Each mobile phone is normally thought of a single-user device and the management of mobile business data is local to the mobile phone. However, all mobile phones are clients of the backend system and build a multi-user environment. In this case, control of data concurrency and data consistency is vital to the backend system. Data concurrency means that each mobile client can access backend business data at the same time. Data consistency means each mobile client sees a consistent view of business data, including changes made by the user and other users.
Due to the intermittent connection of mobile phones, mobile business data normally is a lazy replica of backend business data. Namely, the server periodically copies data to mobile phones when the connection is available. Then, each mobile user can read/write the local replica and all writes made on the client side have to be eventually synchronized back with the server. In this case, a typical requirement of strong consistency is the global serializability. Namely, executions made by different users appear to be executed serially on the server side. A very simple example is that if two users update the same data on their own local copies, then only one of them can eventually commit to the backend system. This is a typical resolution for write conflicts.
A more complicated example is about the read-write conflict. For example, the mobile user A is a customer of an air company and the mobile user B is a manager of the air company. Both A and B get the price (saying $500) of a flight ticket from the server side. Then, A books the ticket on his mobile phone and B changes the price to $600. If A’s book operation commits before B’s update operation on the server side, the system is consistent, since A’s read and write operations could be thought serially before B’s read and write operations. However, if B’s update operation commits before A’s book operation, the system is inconsistent, since the read and write operations of A and B are not serializable. An ideal system should guarantee global serializability for mobile business data. However, it might cause very high abort rate due to sporadic connectivity. Hence, relaxed consistency models have to be investigated. It is the server side responsibility to define the consistency model and let developers of client applications know the rule and the impact of the consistency model to the backend database.

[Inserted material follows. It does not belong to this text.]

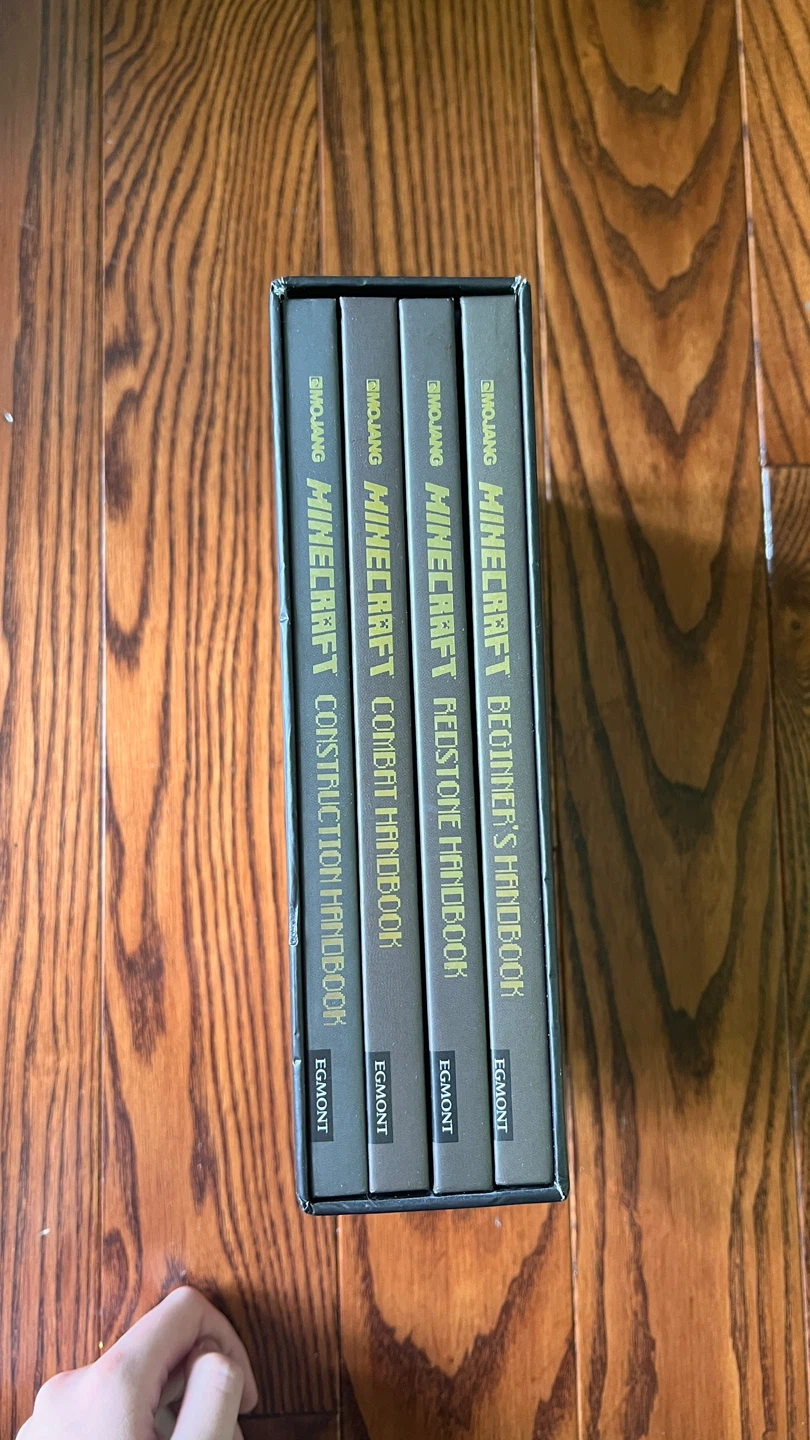 Minecraft Book Set - photo 3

The synchronization algorithm on the database level has been studied and applied in many mobile database products such as DB2E, Oracle Lite, and Sybase SQL Anywhere. In these solutions, all client side operations are executed on the mobile database and the changes are periodically synchronized with the server side database. These solutions have some limitations. Firstly, they directly synchronize data between mobile database and server side database and hence require that both the client and the server side install the database provided by the same company and do not allow the intervention of other middle layer logic. As a result, these solutions cannot be directly applied to SAP applications since a lot of business logics are processed in the middleware layer and the server side database system is not allowed to be directly accessed. Secondly, they usually assume the occasionally connected model and are hard to work together with the online access model. Thirdly, they only can detect the direct write conflict at the time of synchronization, but cannot detect the wrong updates caused by the read of stale read on the client side and hence cannot really guarantee the global serializability. The typical example is the aforementioned ticket book example. Fourthly, when more than one application is required to run on one mobile device, the maintenance of different mobile databases in data storage with limited size might cause a big problem. Our research in data consistency and data synchronization targets to overcome these problems of traditional mobile database.